Middle East Technical University, Ankara, Turkey, 13-14 December 2012
Starting from the late 1980s, globalisation has quickly entered into the realm of the education policy in different settings, including Turkey. In particular, fast spread of the globalization process and the neo-liberal transformation introduced profound changes in terms of school finance, employee rights, curriculum development, privatisation and school-environment relations. Similarly, the lexicon of education policy was introduced some new ‘trendy’ concepts such as ‘productivity’,‘performance’ and ‘human capital’ and governments and business groups started talking about the necessity of schools meeting the needs of the global economy. The global educational agendas promoted by international organisations, such as United Nations, the OECD and the World Bank, now reflected educational discourses about human capital, economic development, and multiculturalism, leading to intense debates between scholars, policy makers and civil society on how the education should be.
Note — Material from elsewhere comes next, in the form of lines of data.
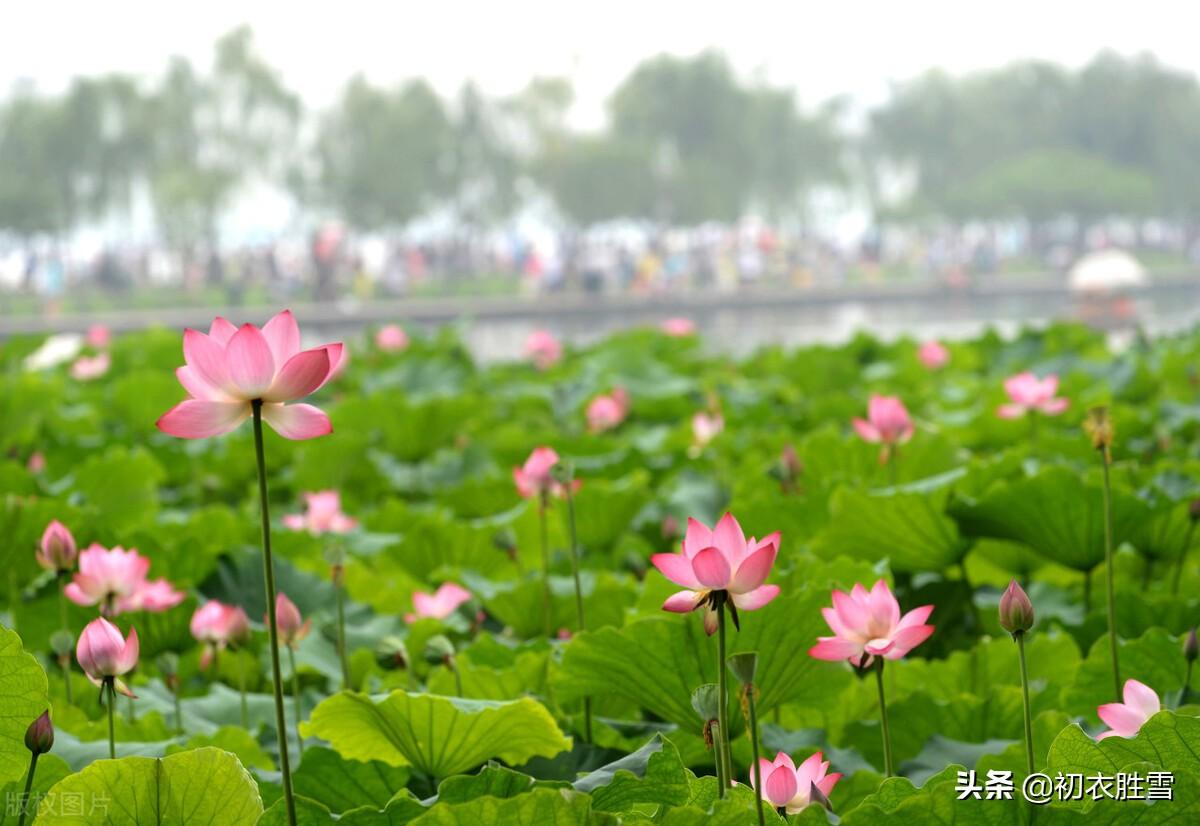 日出江花红胜火，映日荷花别样红（西湖荷花诗词五首）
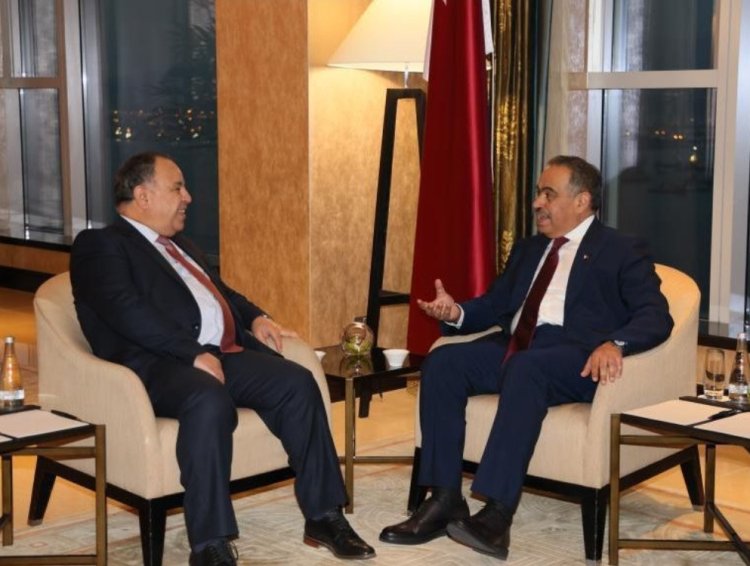 وزير المالية: حريصون على تعزيز التعاون المالي والضريبي والجمركي مع قطر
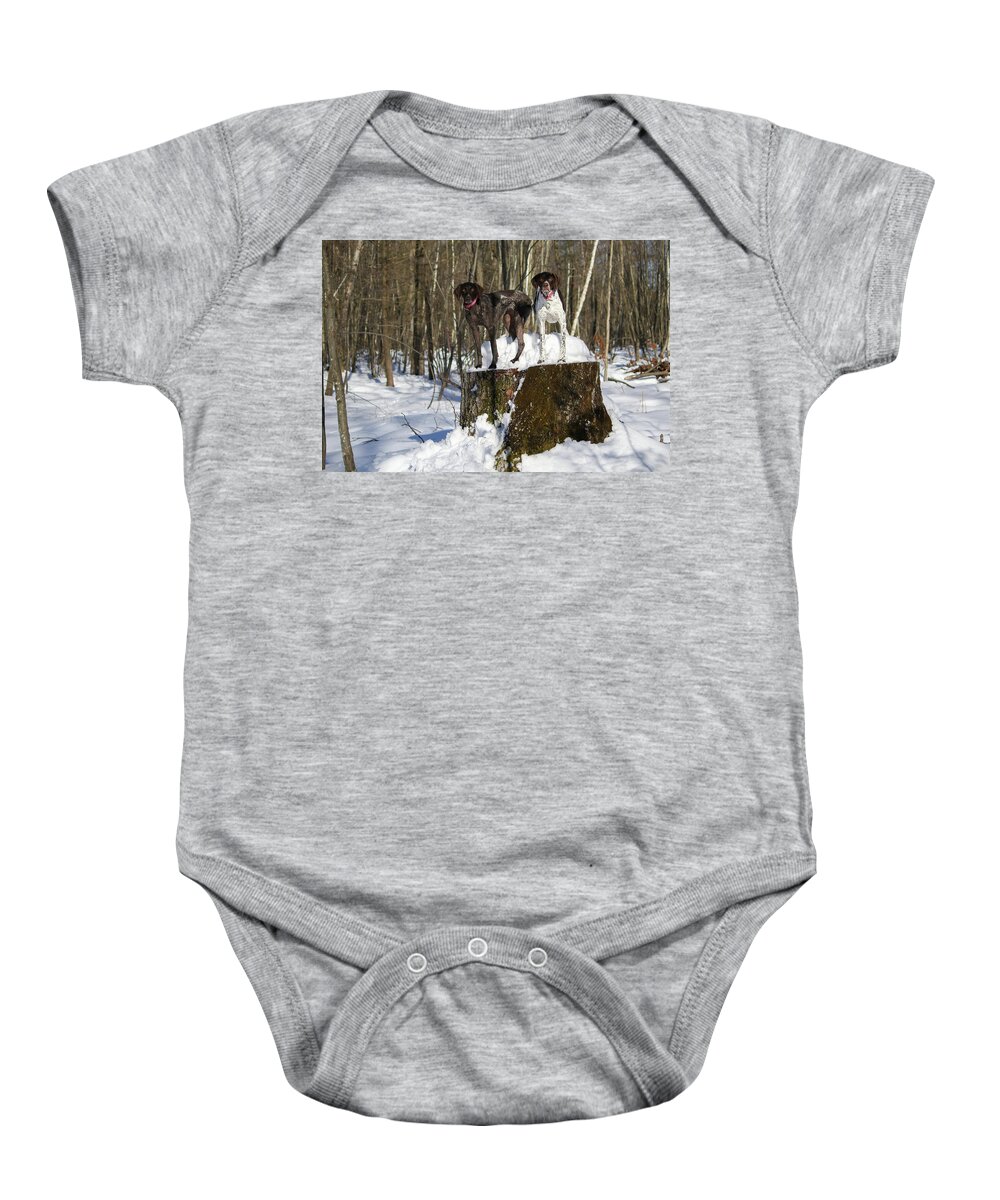 German Shorthair Baby Onesie featuring the photograph Stumped Dogs by Brook Burling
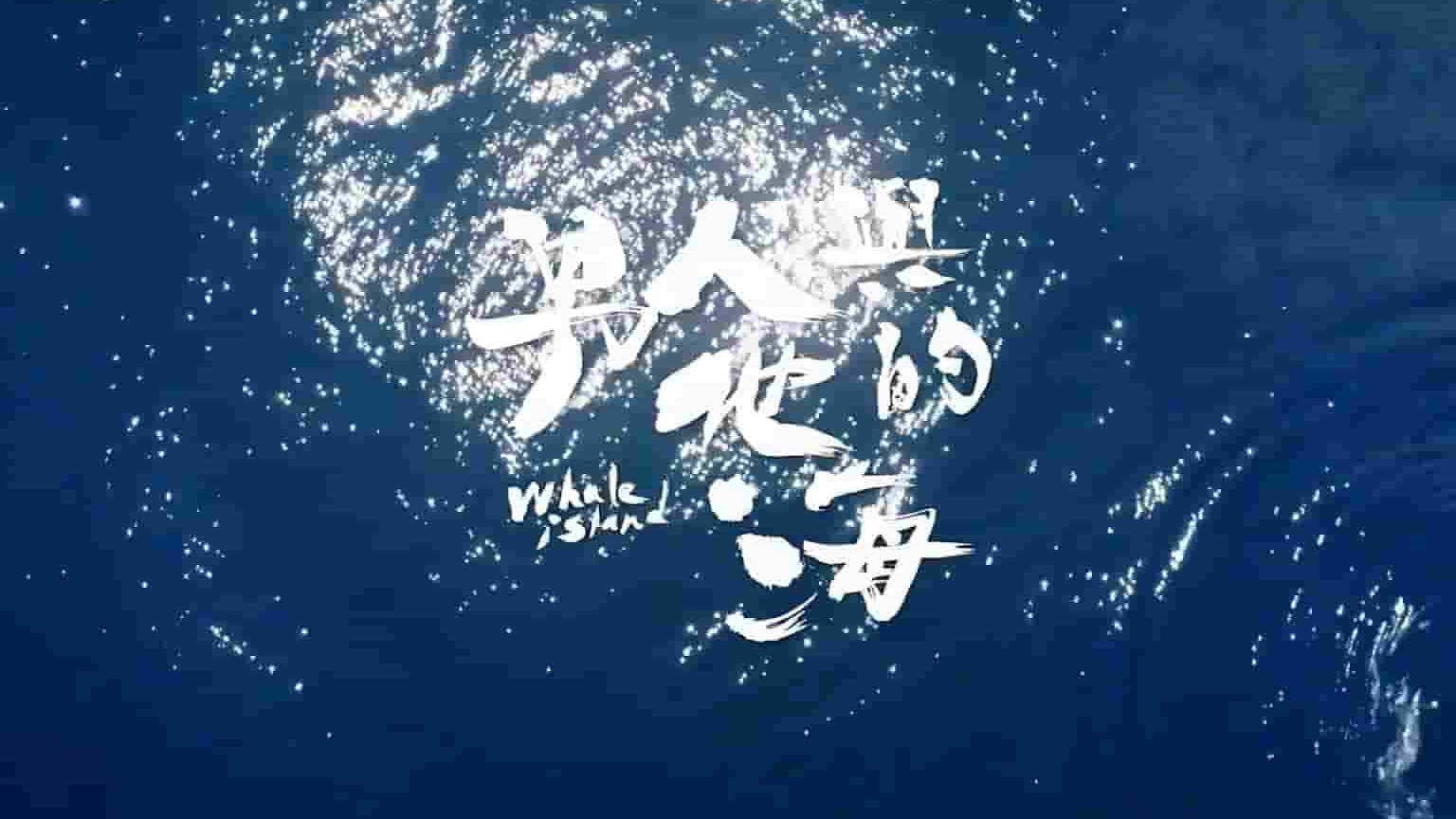 台湾纪录片《男人与他的海 Whale Island 2020》全1集 国语中字 1080P高清网盘下载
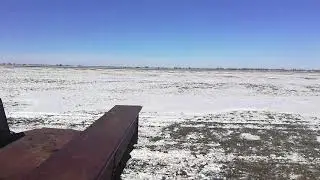 24 лютого підживлення озимої гірчіці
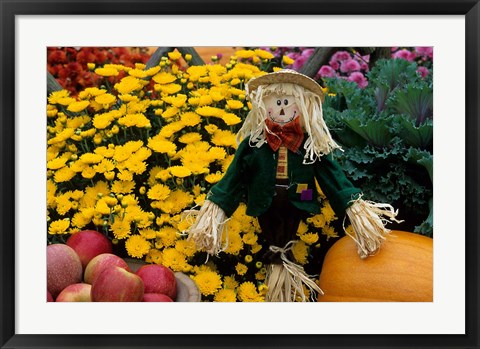 Framed Fall Garden Display, Illinois Print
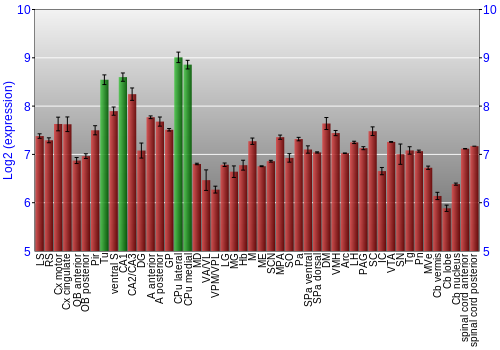 Multi-state expression graph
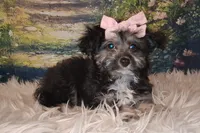 Raya, a female Shetland Sheepdog and Poodle - Miniature  for sale in Holden, MO – 3 of 6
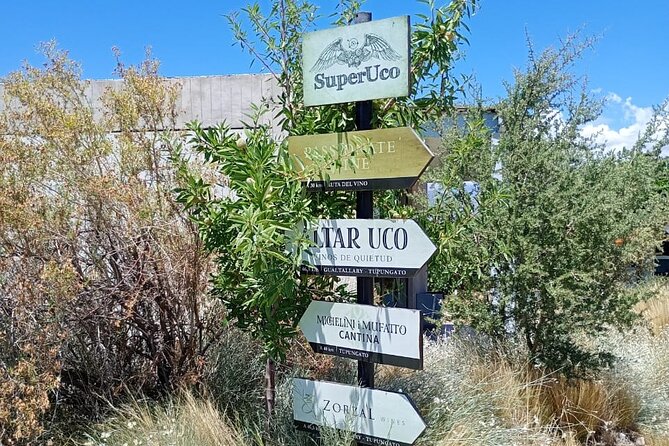 Uco Valley Wine Experience - Private - The Best Wine Tour & Lunch - Who This Tour Suits Best in Mendoza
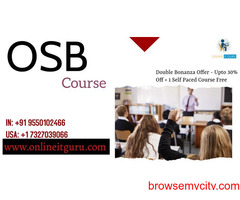 OSB Certification Training | OSB Online Course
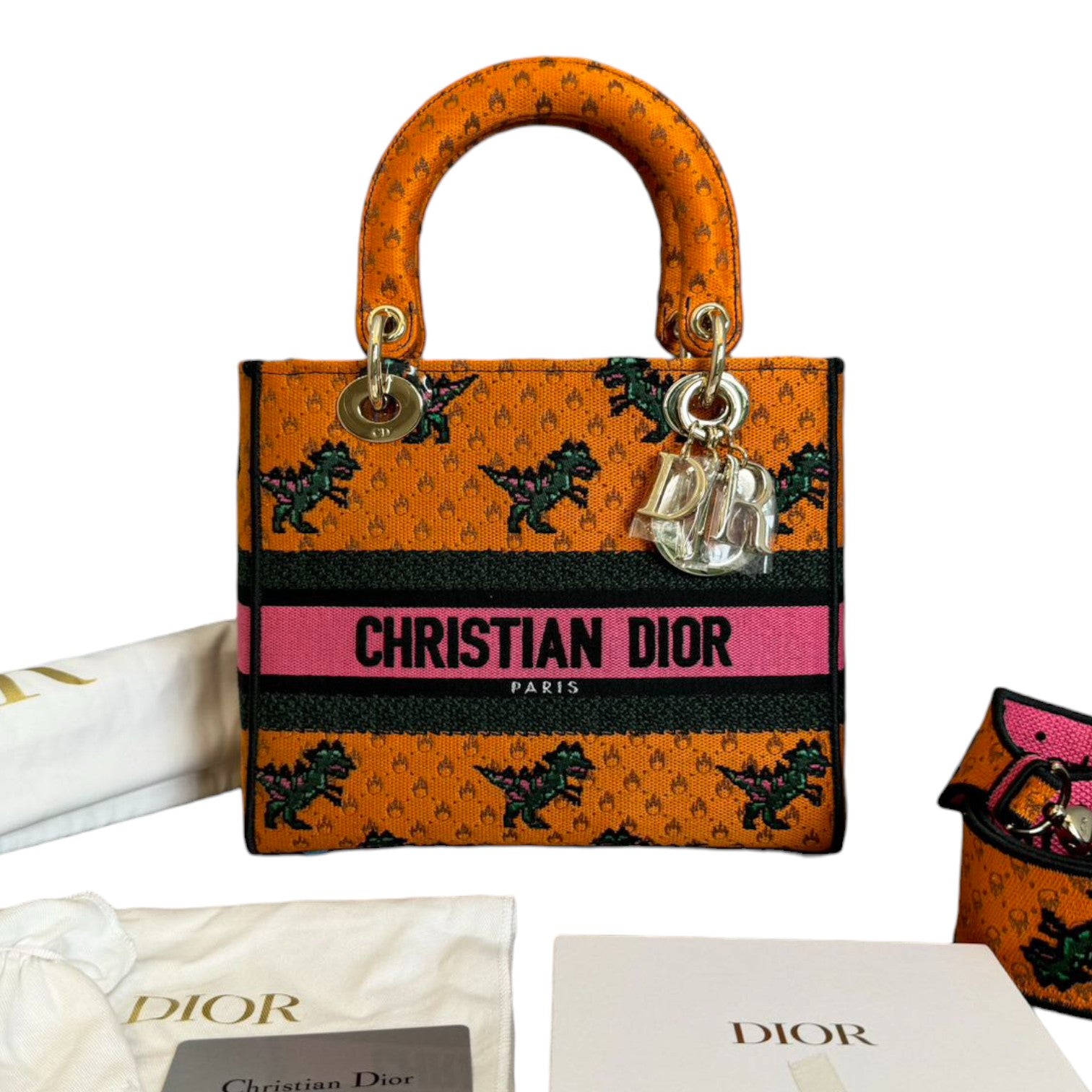 Christian Dior Lady D-Lite Medium Canvas Embroidered Dino Orange
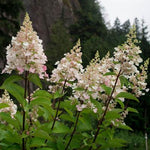 Images shown are of mature plants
Recently, a controversial answer to this question has been given by Ömer Dinçer, the Turkish Minister of Education: ‘a new legal amendment is somewhat obligatory, which renders the primary education gradual, flexible and in line with the needs of democratisation and global trends’. Indeed, the most recent legal arrangements (the so-called 4+4+4 system, the Fatih project, the restructuring of the Ministry of Education with the Statutory Decree numbered 652) which introduced a thorough transformation into the Turkish primary education has been claimed to serve to this purpose from the start.
Against this background, this 2-day international conference organized jointly by ResearchTurkey and the Department of Political Science and Public Administration of the Middle East Technical University aims to investigate current trends and changes in Turkish education policy by locating them within the wider context of globalization.